SPORANOX® should not be administered for the treatment of onychomycosis to pregnant patients or to women contemplating pregnancy.
SPORANOX® is contraindicated for patients who have shown hypersensitivity to itraconazole. There is limited information regarding cross-hypersensitivity between itraconazole and other azole antifungal agents. Caution should be used when prescribing SPORANOX® to patients with hypersensitivity to other azoles.
Clinical Pharmacology
Pharmacokinetics And Metabolism
General Pharmacokinetic Characteristics
Peak plasma concentrations of itraconazole are reached within 2 to 5 hours following oral administration. As a consequence of non-linear pharmacokinetics, itraconazole accumulates in plasma during multiple dosing. Steady-state concentrations are generally reached within about 15 days, with Cmax values of 0.5 μg/mL, 1.1 μg/mL and 2.0 μg/mL after oral administration of 100 mg once daily, 200 mg once daily and 200 mg b.i.d., respectively. The terminal half-life of itraconazole generally ranges from 16 to 28 hours after single dose and increases to 34 to 42 hours with repeated dosing. Once treatment is stopped, itraconazole plasma concentrations decrease to an almost undetectable concentration within 7 to 14 days, depending on the dose and duration of treatment. Itraconazole mean total plasma clearance following intravenous administration is 278 mL/min. Itraconazole clearance decreases at higher doses due to saturable hepatic metabolism.
Absorption
Itraconazole is rapidly absorbed after oral administration. Peak plasma concentrations of itraconazole are reached within 2 to 5 hours following an oral capsule dose. The observed absolute oral bioavailability of itraconazole is about 55%.

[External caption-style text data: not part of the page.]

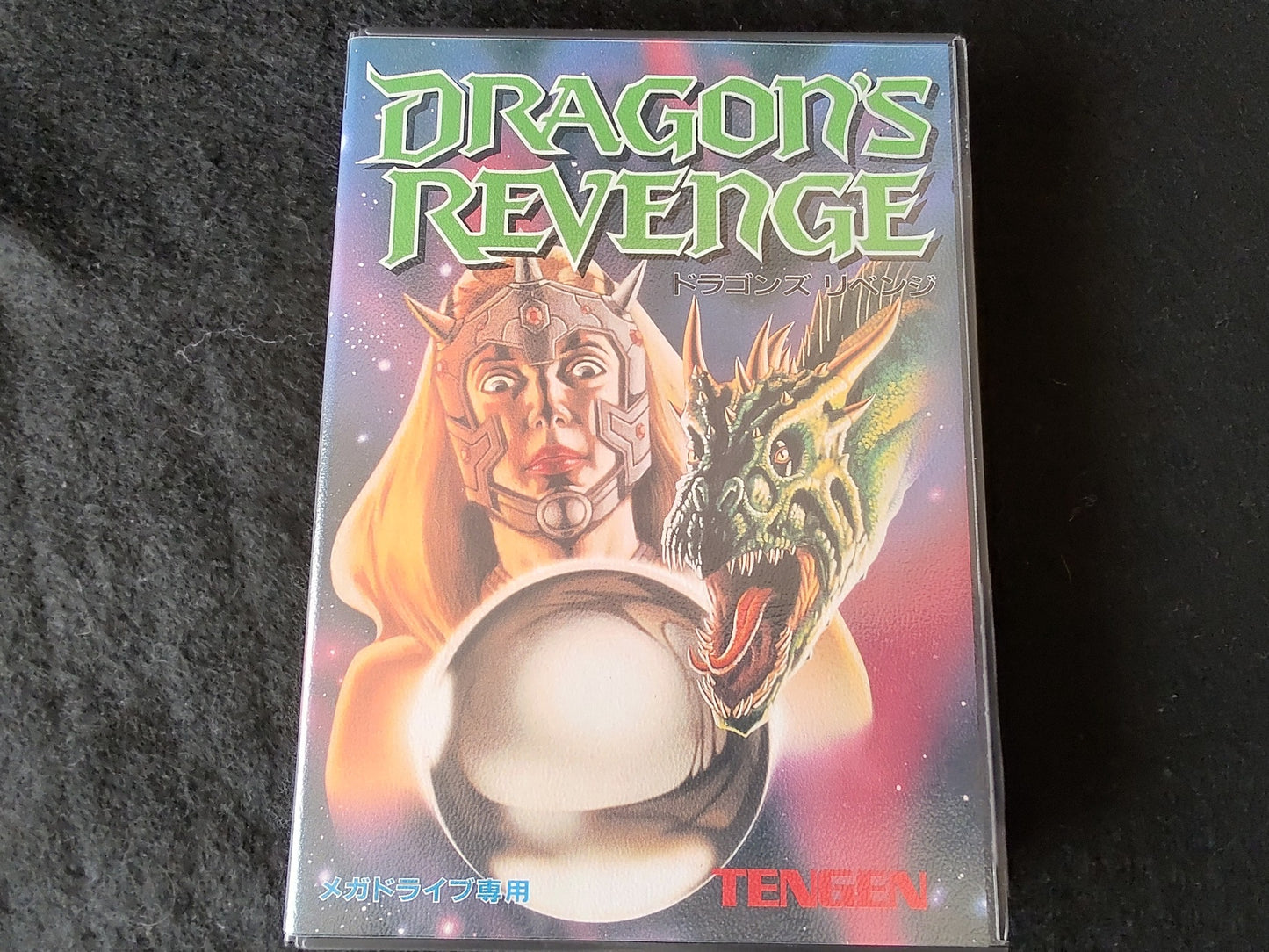 DRAGON'S REVENGE SEGA MEGA DRIVE game Genesis Cartridge Boxed, Working-f1111-
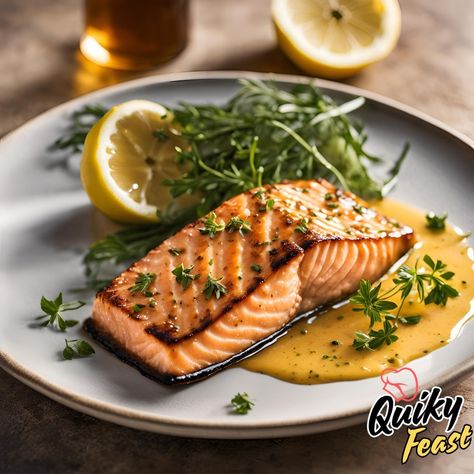 Salmon is a healthy, quick-cooking protein that pairs beautifully with this tangy-sweet honey mustard glaze. This grilled salmon recipe is perfect for a nutritious dinner that’s ready in minutes. Ingredients: 4 salmon fillets 2 tbsp honey 1 tbsp Dijon mustard 1 tbsp olive oil Salt and pepper to taste Salmon With Honey, Grilled Salmon Recipe, Nutritious Dinner, Honey Mustard Glaze, Grilled Salmon Recipes, Honey Salmon, Salmon Recipe, Grilled Salmon, Salmon Fillets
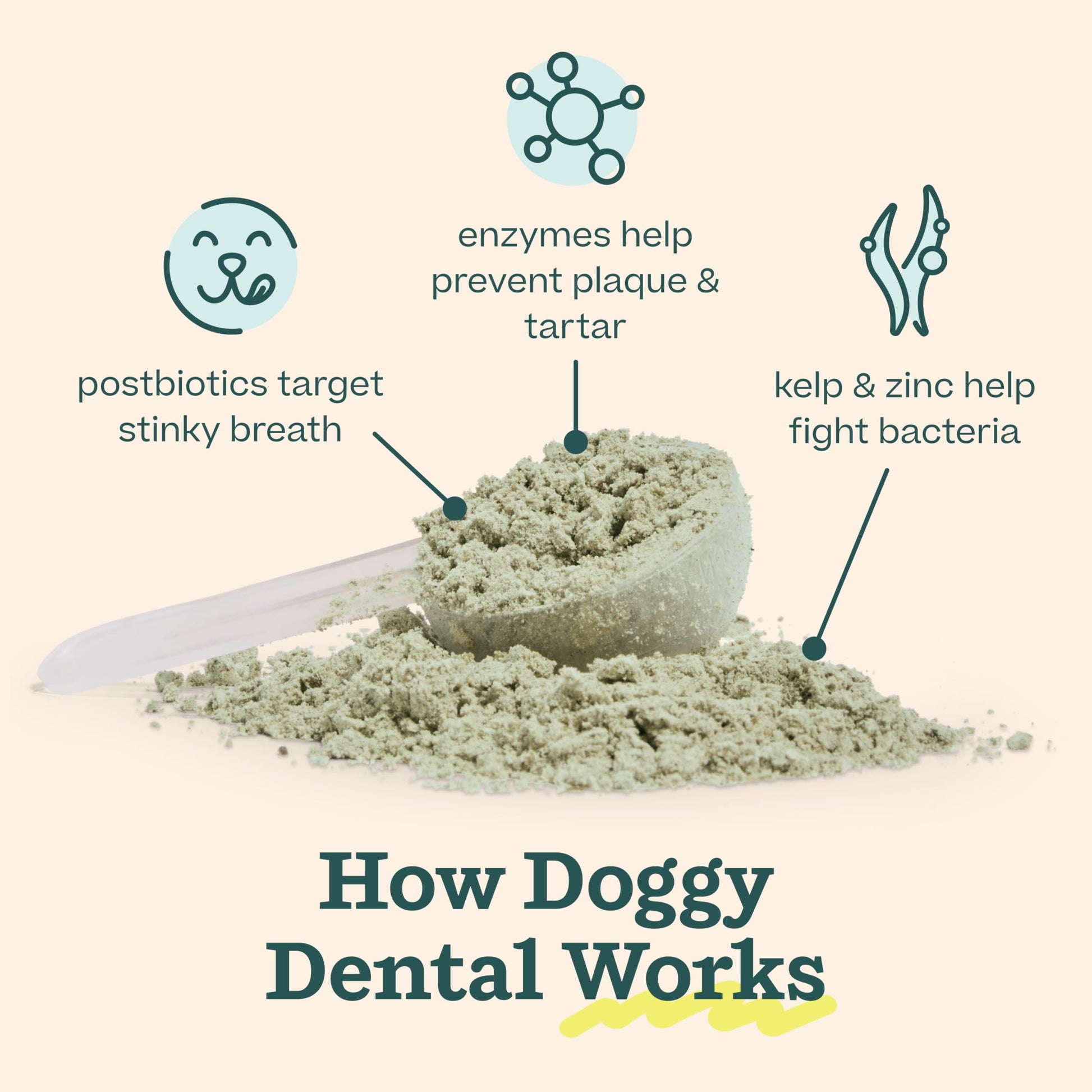 Woof Doggy Dental Pupsicle Mix - Dog Teeth Cleaning Powder for The Pupsicle - Long Lasting Postbiotic Dental Enzyme Mix to Support Oral Health for Dogs WOOF Au supplements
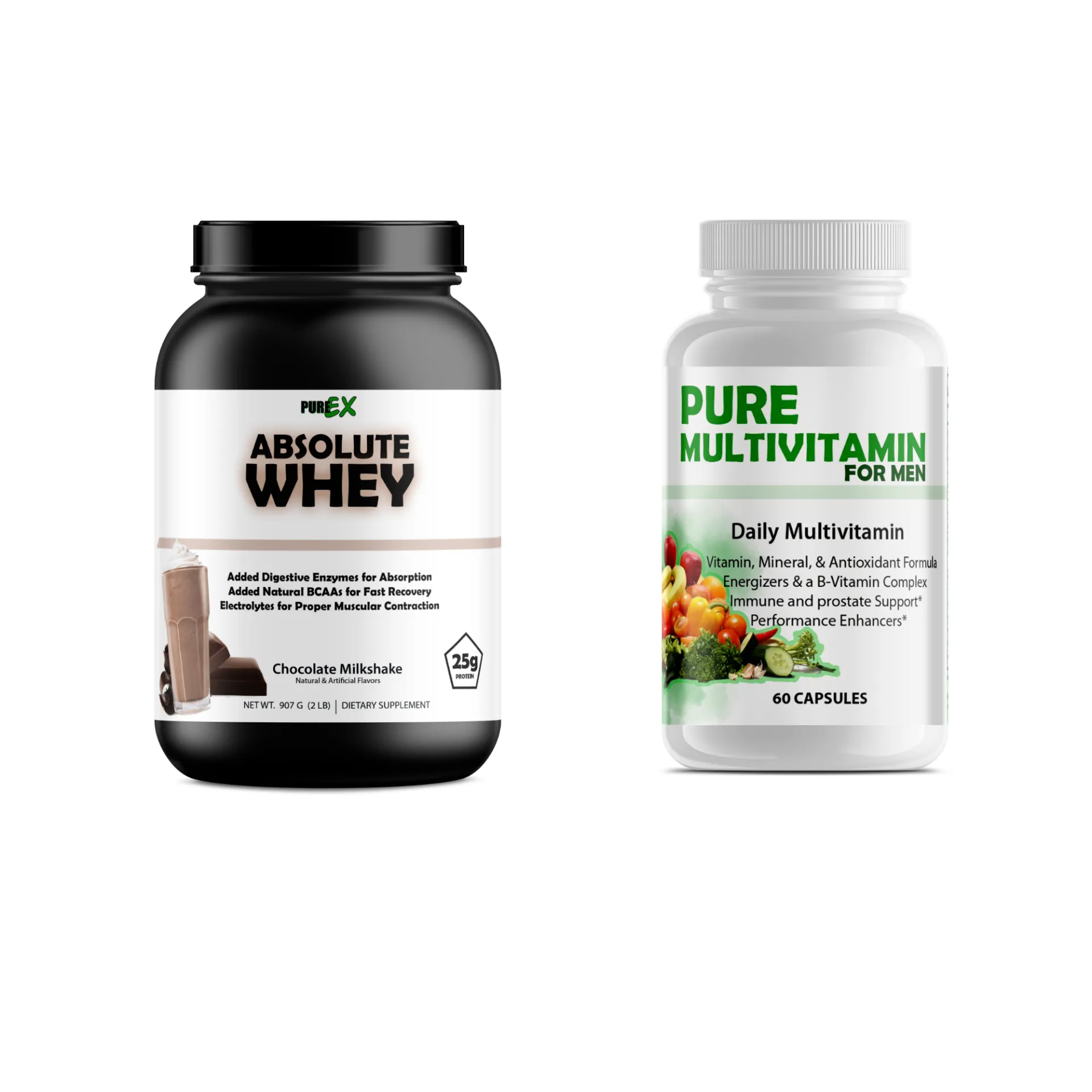 Bundled: Multivitamins   Protein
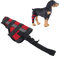 Qcwwy Hunde-Hinterbein-Stütze, Neopren, Rot, Tiergenesungshilfe, Stütze, Hundestütze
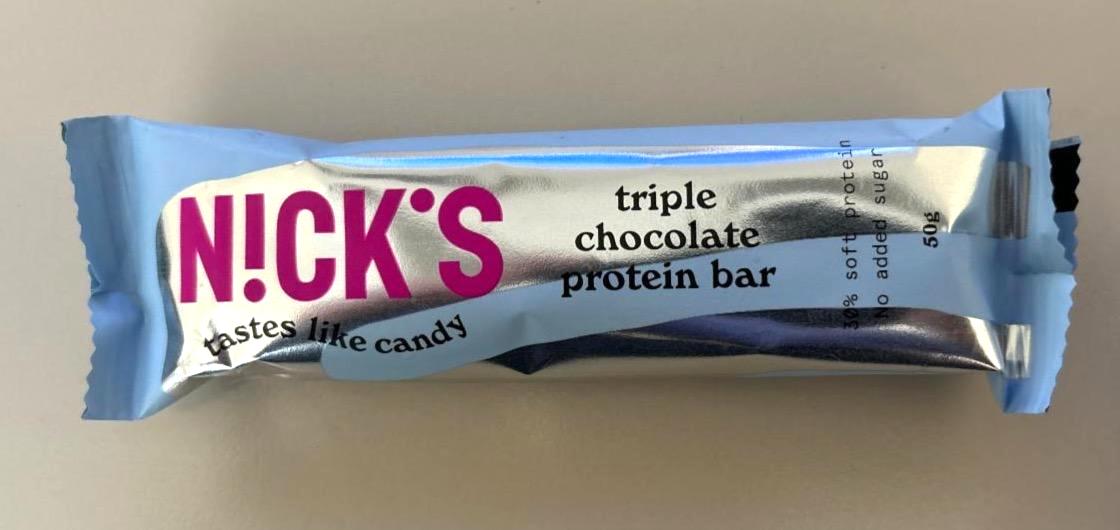 Képek - Triple chocolate protein bar Nick's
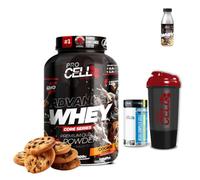 ProCell | PACK Whey Core + BCAA COMPLEX + Shaker + Batido REGALO | Proteina Whey concentrada | Aminoácidos | Gana masa muscular (2 kg, Cookies Chips)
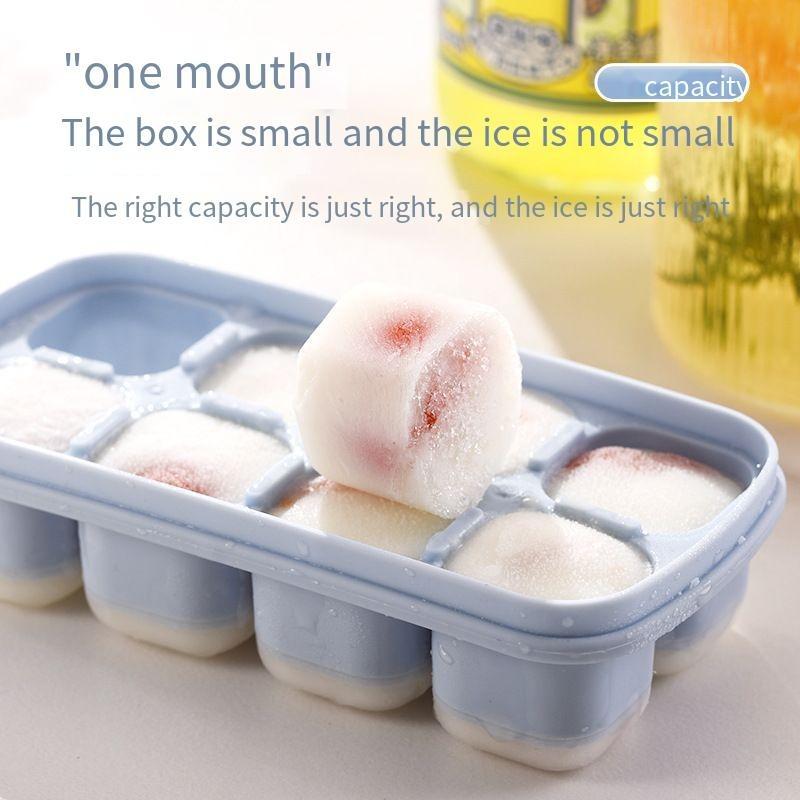 8 Cells Ice Cream Tools Large Capacity Summer Children Popsicle Mold Household Kitchen DIY Juice Milk Ice Cube Tray Creative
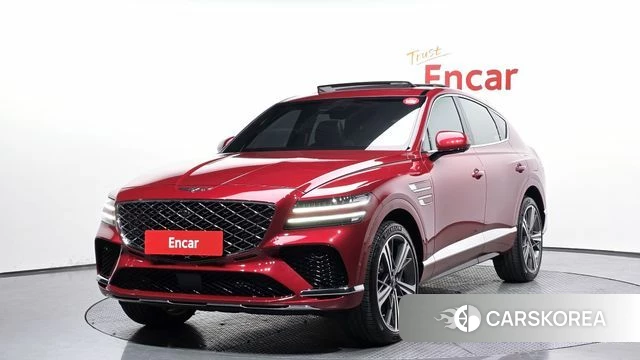 Genesis GV80 Coupe 2024 Красный из Кореи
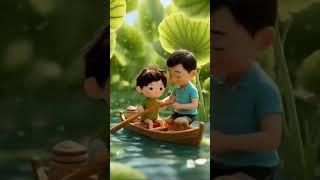 Tiny Boat, Big Adventure ‍️ #aianimation #aiart #aiviral #animation #baby #cute #shortsforyou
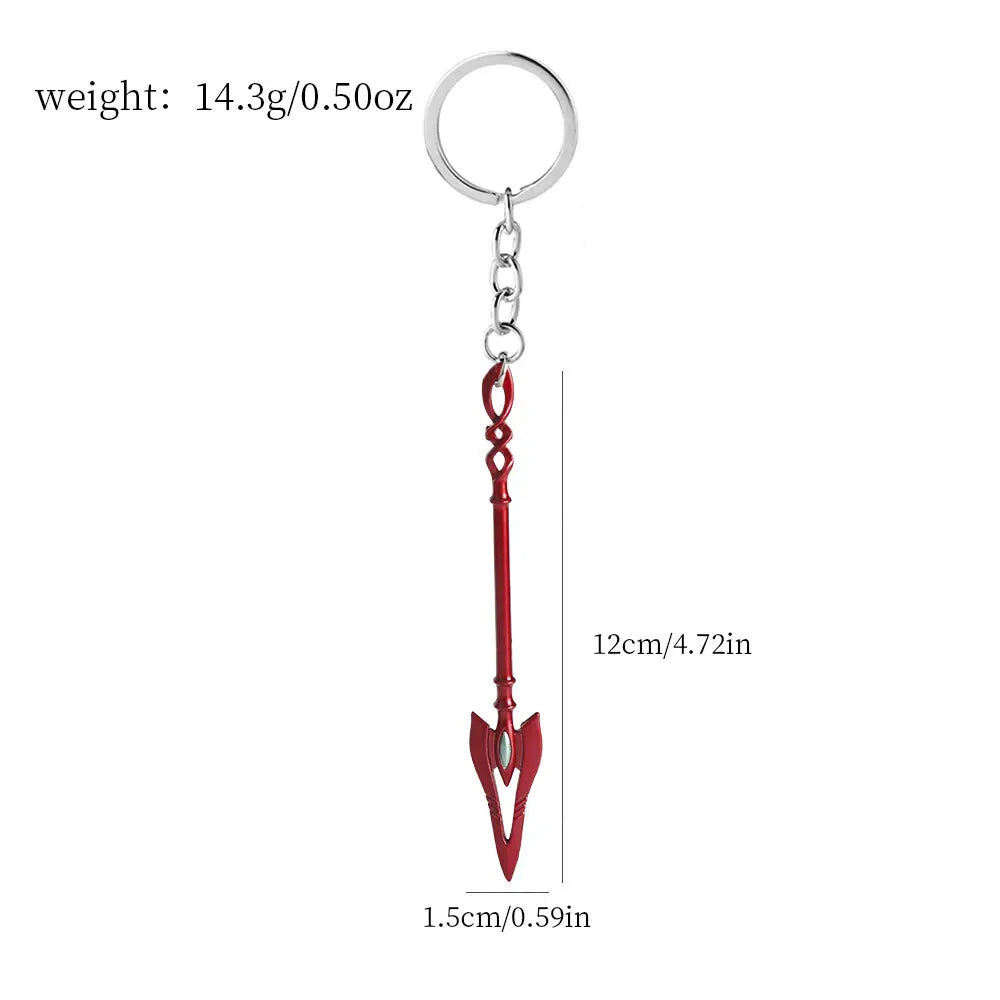 12cm Spear of Cassius Neon Genesis EVA Weapon Keychain Evangelion-06 Cosplay Anime Katsuragi Misato Cross Pendant Key rings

The oral bioavailability of itraconazole is maximal when SPORANOX® (itraconazole) Capsules are taken immediately after a full meal. Absorption of itraconazole capsules is reduced in subjects with reduced gastric acidity, such as subjects taking medications known as gastric acid secretion suppressors (e.g., H2-receptor antagonists, proton pump inhibitors) or subjects with achlorhydria caused by certain diseases. (see DRUG INTERACTIONS.) Absorption of itraconazole under fasted conditions in these subjects is increased when SPORANOX® Capsules are administered with an acidic beverage (such as a non-diet cola). When SPORANOX® Capsules were administered as a single 200-mg dose under fasted conditions with non-diet cola after ranitidine pretreatment, a H2-receptor antagonist, itraconazole absorption was comparable to that observed when SPORANOX® Capsules were administered alone. (see DRUG INTERACTIONS.)
Itraconazole exposure is lower with the Capsule formulation than with the Oral Solution when the same dose of drug is given. (see WARNINGS)
Distribution
Most of the itraconazole in plasma is bound to protein (99.8%), with albumin being the main binding component (99.6% for the hydroxy-metabolite). It has also a marked affinity for lipids. Only 0.2% of the itraconazole in plasma is present as free drug. Itraconazole is distributed in a large apparent volume in the body (>700 L), suggesting extensive distribution into tissues. Concentrations in lung, kidney, liver, bone, stomach, spleen and muscle were found to be two to three times higher than corresponding concentrations in plasma, and the uptake into keratinous tissues, skin in particular, up to four times higher. Concentrations in the cerebrospinal fluid are much lower than in plasma.
Metabolism
Itraconazole is extensively metabolized by the liver into a large number of metabolites. In vitro studies have shown that CYP3A4 is the major enzyme involved in the metabolism of itraconazole. The main metabolite is hydroxy-itraconazole, which has in vitro antifungal activity comparable to itraconazole; trough plasma concentrations of this metabolite are about twice those of itraconazole.
Excretion
Itraconazole is excreted mainly as inactive metabolites in urine (35%) and in feces (54%) within one week of an oral solution dose. Renal excretion of itraconazole and the active metabolite hydroxy-itraconazole account for less than 1% of an intravenous dose. Based on an oral radiolabeled dose, fecal excretion of unchanged drug ranges from 3% to 18% of the dose.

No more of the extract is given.